Penghangatan global yang memicu kekeringan, salinitas, dan hama penyakit perlu diatasi dengan riset serta inovasi benih tanaman unggul.
Oleh
Ahmad Arif
·5 menit baca
JAKARTA, KOMPAS — Pemanasan global menjadi tantangan besar bagi pemenuhan pangan di Indonesia ke depan, di antaranya karena dapat menurunkan produktivitas padi secara signifikan.

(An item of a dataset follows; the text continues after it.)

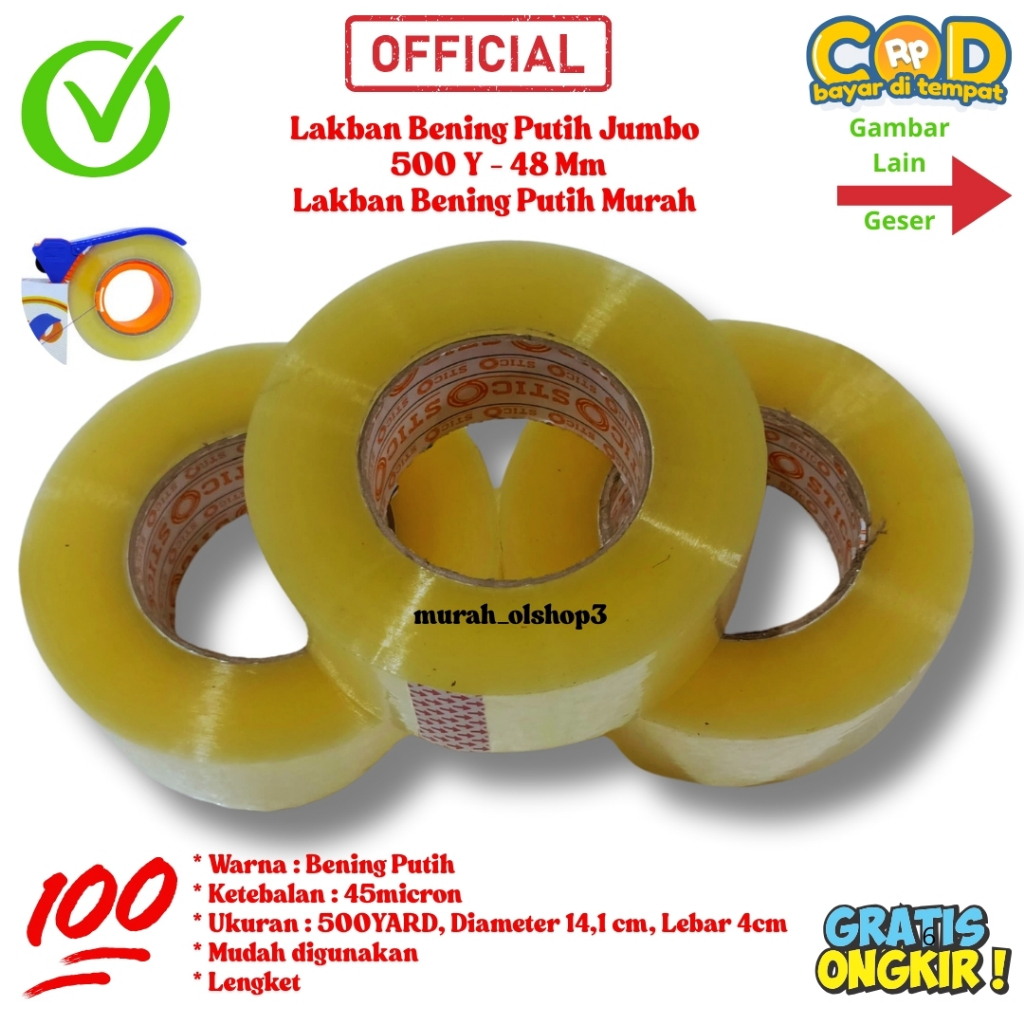Lakban Bening Putih Full Tape 48mm X 500yard ( Cmh )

Dibutuhkan pengembangan berbagai varietas dan teknik budidaya yang mampu beradaptasi dengan perubahan lingkungan yang sedang terjadi.
”Kami berupaya mengembangkan berbagai varietas padi yang tahan terhadap berbagai kondisi lingkungan yang dipicu perubahan iklim, di antaranya terhadap salinitas, perubahan ketersediaan air, dan tahan hama penyakit,” kata Mastur, Kepala Balai Besar Penelitian Bioteknologi dan Sumberdaya Genetik Pertanian (BB Biogen) Kementerian Pertanian, di Jakarta, Selasa (16/3/2021).

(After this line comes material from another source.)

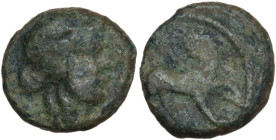 Greek Italy. Central Italy, uncertain mint. Capua or Minturnae(?). AE 15.5 mm. late 90s-early 80s BC. Obv. Head of Dionysos right, wearing ivy wreath....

Menurut dia, berbagai metode perakitan varietas unggul yang tahan perubahan iklim ini bisa dilakukan dengan pemuliaan konvensional hingga rekayasa genetika. ”Saat ini kami sedang melakukan penelitian di tiga provinsi, yaitu Jawa Tengah, Kalimantan Tengah, dan Maluku Utara, untuk mengidentifikasi varietas tanaman pangan dan rempah yang bisa menjadi sumber daya genetik lokal untuk perubahan iklim,” tuturnya.
Di sisi lain, pertanian juga berkontribusi terhadap pemanasan global sebesar 10–14 persen dari total emisi gas rumah kaca global dan 18 persen dari total metana dari persawahan.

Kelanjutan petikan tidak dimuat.